REQUIREMENT.
Word for word, restate the lines from the one containing "B0953X73TP-Garmin Forerunner 55 42mm" through the last line of the material, and include no pictures.

PROVIDED INFORMATION.
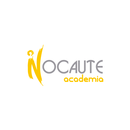 Nocaute Academia APK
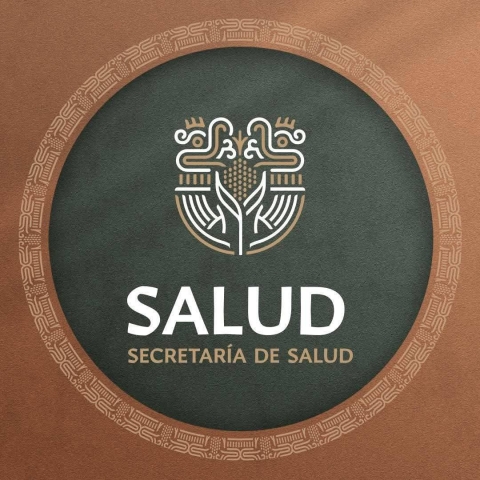 Registran autoridades de Salud tres casos de sarampi&oacute;n en Jonacatepec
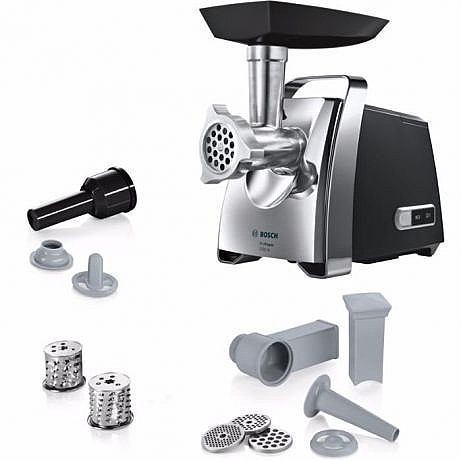 ����� ��� 2000W MFW67440 BOSCH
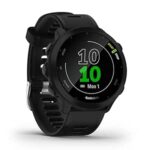 B0953X73TP-Garmin Forerunner 55 42mm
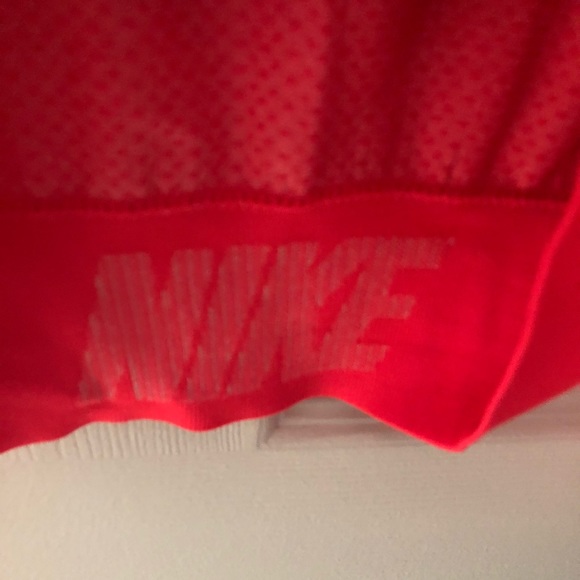 🔥🔥Nike Dri-Fri Long Sleeve Tee - Picture 5 of 7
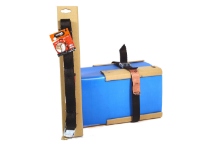 Afbeeldingen van Spanband 5m 250 kg met gesp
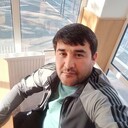 ���������� �����, ���� ������� Ramzan, 35 ���, ������������ ��� ������, ����� � ���������, c�������� ���������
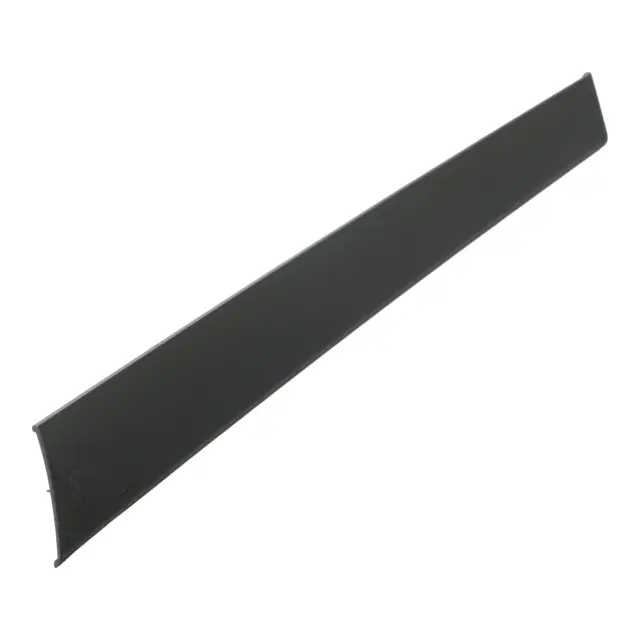 globalparts3-1410897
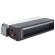 Канальная VRF система Aeronik AMV-R 22 P/NaB-K Канальная VRF система Aeronik AMV-R 22 P/NaB-K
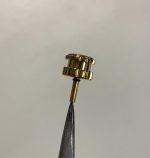 Coroa Original para Relógio Especial - Imagem 5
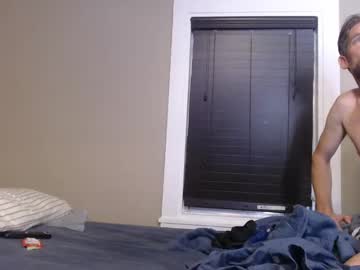 2ofafuckingkind August 17, 2025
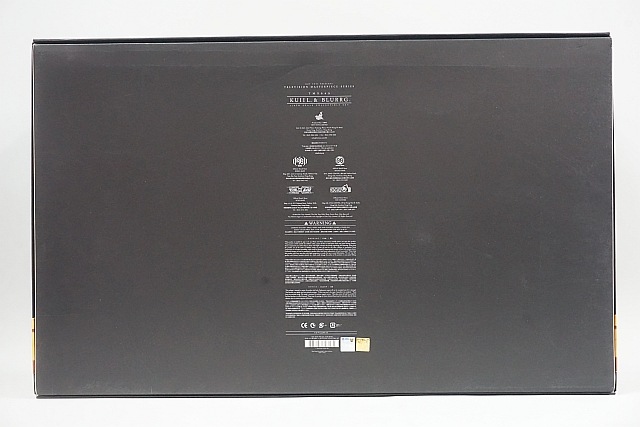 ��� �ۥåȥȥ��� �ƥ�ӡ��ޥ������ԡ��� 1/6 �ޥ�����ꥢ�� ����������֥顼����2�Υ��åȡ�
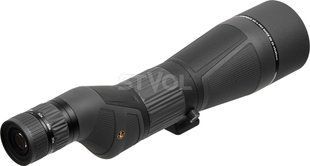 Труба підзорна Leupold SX-4 Pro Guide HD 20-60x85mm пряма HRST-C0-039B фото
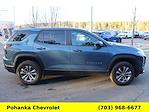 2026 Chevrolet Equinox FWD SUV for sale #TTL323152 - photo 7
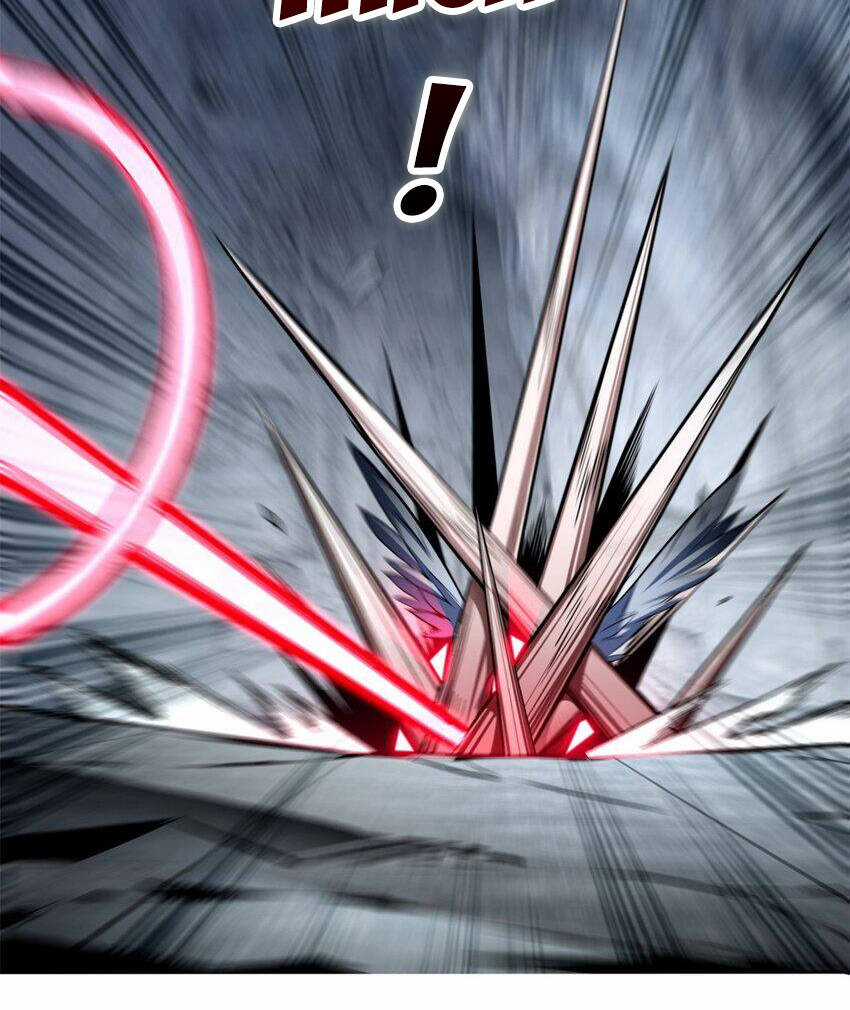 Ta Chỉ Muốn An Tĩnh Chơi Game Chapter 85 trang 28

COMPLETED TASK.
 B0953X73TP-Garmin Forerunner 55 42mm
 🔥🔥Nike Dri-Fri Long Sleeve Tee - Picture 5 of 7
 Afbeeldingen van Spanband 5m 250 kg met gesp
 ���������� �����, ���� ������� Ramzan, 35 ���, ������������ ��� ������, ����� � ���������, c�������� ���������
 globalparts3-1410897
 Канальная VRF система Aeronik AMV-R 22 P/NaB-K Канальная VRF система Aeronik AMV-R 22 P/NaB-K
 Coroa Original para Relógio Especial - Imagem 5
 2ofafuckingkind August 17, 2025
 ��� �ۥåȥȥ��� �ƥ�ӡ��ޥ������ԡ��� 1/6 �ޥ�����ꥢ�� ����������֥顼����2�Υ��åȡ�
 Труба підзорна Leupold SX-4 Pro Guide HD 20-60x85mm пряма HRST-C0-039B фото
 2026 Chevrolet Equinox FWD SUV for sale #TTL323152 - photo 7
 Ta Chỉ Muốn An Tĩnh Chơi Game Chapter 85 trang 28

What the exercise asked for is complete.